My role is 50% events and this means lots of travel to venues all around the country, presenting and hosting dinners etc. Most events involve overnight stays in hotels and lots of travel which would just not be possible now with a baby. I am contracted to work 9-5 and my question is, can I go back to work and stick to these hours on the grounds I have to pick up my child from nursery?

My ideal scenario is that I can say I am unable to do my job because of the hours so I should be compromised out of my role. I am entitled to a 'return to work bonus' after returning for 6 months so would like to not lose this. I am happy to just go back for the 6 months, do 9-5 regardless and then resign. Or if they want to include the bonus in my agreement then all the better.

I hope this makes sense. My question in a nutshell is, am I entitled to work just my contracted hours? If, it is not working then is it my employer who will need to come to some 'arrangement' with me to terminate my employment.

Thanks for listening...I hope it all makes sense.

rookiemater Fri 16-Sep-11 16:23:11

You will probably get much more learned advice than me, but I would say it depends on your contract and also on your role profile.

If your contract states that irregular hours may be required because of the nature of the role, then I would think you would find it hard to state that you cannot work overnights etc because it is an essential part of the job.

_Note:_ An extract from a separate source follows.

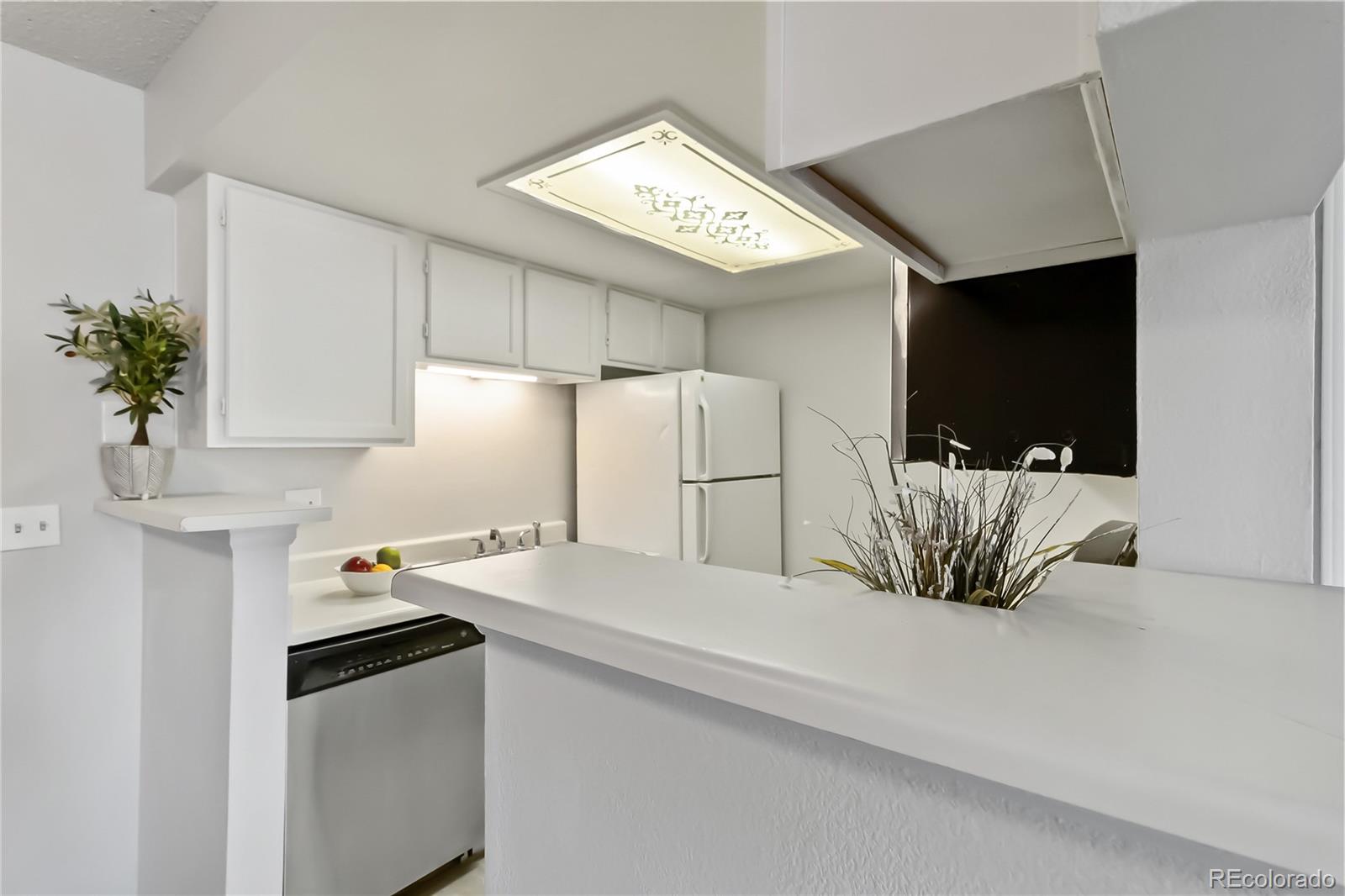 MLS Image #12 for 8600 e alameda avenue 14-204,denver, Colorado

I do feel for you, normally I would say have this discussion up front, but see what you mean about the bonus.

SheWhoMustNotBeFlamed Fri 16-Sep-11 16:30:51

I think if your contract states 'reasonable overtime' then you don't have a leg to stand on. I would also say, have this discussion upfront and see if you can be moved into a comparable but more static role. Going back for six months and frankly not doing your job seems hugely unfair on your employer and colleagues.

promomum Fri 16-Sep-11 16:49:36

Someone else will know more about this than me - but isn't there legal protection for breastfeeding mothers in the workplace (if you are bf)? Not sure what that would mean in practice though.

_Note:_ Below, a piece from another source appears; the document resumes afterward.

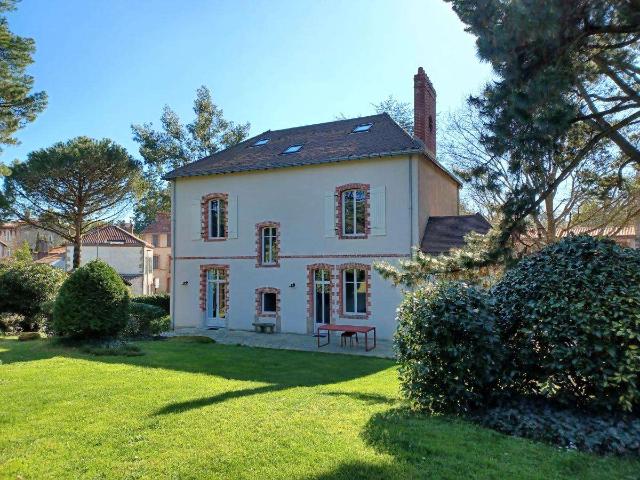 Vente maison 8 pièces Clisson 44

NoMoreWasabi Fri 16-Sep-11 16:59:41

I do sympathise with your position. However I’d expect that your contract would, after the 9-5 bit go on to say something like whatever other hours your employer requires of you. As such insisting on 9-5 and no travel is not going to work. Unless you have particularly special circumstances then doing the job isn’t actually impossible (if you employed enough childcare, expensive as it may be) but I can understand you being reluctant. I can’t see they will be willing to “comp” you for you not wanting to do your job any more so you might want to have a grown up discussion about whether you are able to move roles to something that is at least more office based.

flowery Fri 16-Sep-11 19:38:59

I imagine your contract says something about hours necessary to do the job. In any case, if your role involves travel and extra hours and you've been doing that for ages and accepted those conditions then it would be difficult to claim you weren't obliged to do those to fulfil your role.

How do you think you would manage to do this role in 9-5 anyway?

Bottom line is if you don't want to do the job as it is now, you have two options. You can put in a flexible working request to make changes to the hours/working arrangements, or you can resign. If you think the role could be done in fewer hours and with no travel, put in a flexible working request to that effect.

I think it might be beneficial to think of it not as you are unable to do the job, but that you don't want to. You could choose childcare that fits the job, or if you have a partner he could look after the baby when you are away. But you'd rather not do those things. That's a very valid decision and I think lots would agree with you, but it's a decision you've made.